We have an application that performs comparisons on data objects to determine if one version of the object is different than another. Our application also does some extensive caching of these objects, and we've run into a bit of a performance issue when it comes to doing these comparisons.
Here's the workflow:
- Data item 1 is the current item in memory. This item was initially retrieved from cache and deep cloned (all sub objects such as Dictionaries etc).
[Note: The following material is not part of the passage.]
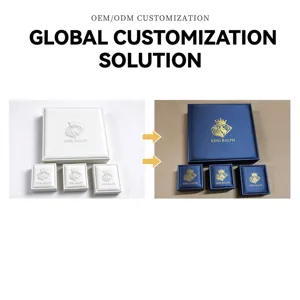 High-end brushed PU leather jewelry gift box custom ring bracelet necklace packaging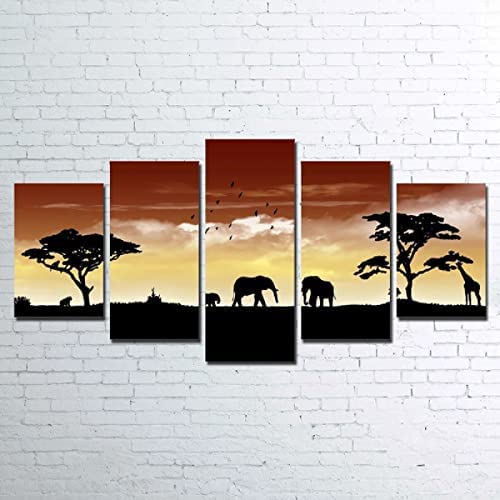 Generic5 Pieces Canvas Wall Art Elephant Prints Animal African Sunset Elephant (Xxl/Without Frame 200 X 100 Cm) Wall Decor Modern Artwork Painting Rustic For Home Office Living Room Gallery Canva -9Z2V+Y2Y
Data item 1 is then edited, and its properties are modified.
- We are then comparing this object against the original version that was stored in cache. Since Data item 1 was cloned and its properties changed, these objects should be different.
There are a couple of issues here.
The main issue is our deep clone method is very expensive. We profiled it against a shallow clone and it was 10x slower. That's crap. Here's our method to deep clone:
public object Clone()
{
using (var memStream = new MemoryStream())
{
var binaryFormatter = new BinaryFormatter(null, new StreamingContext(StreamingContextStates.Clone));
binaryFormatter.Serialize(memStream, this);
memStream.Seek(0, SeekOrigin.Begin);
return binaryFormatter.Deserialize(memStream);
}
}
We were initially using the following to clone:
public object Clone()
{
return this.MemberwiseClone();
}
This was more performant, but because it does a shallow clone all the complex objects that were properties of this object, such as Dictionaries etc, were not cloned. The object would still contain the same reference as the object that was in the cache, therefore the properties would be the same upon comparison.
So, does anyone have an efficient way of doing a deep clone on C# objects that would cover cloning the entire object graph?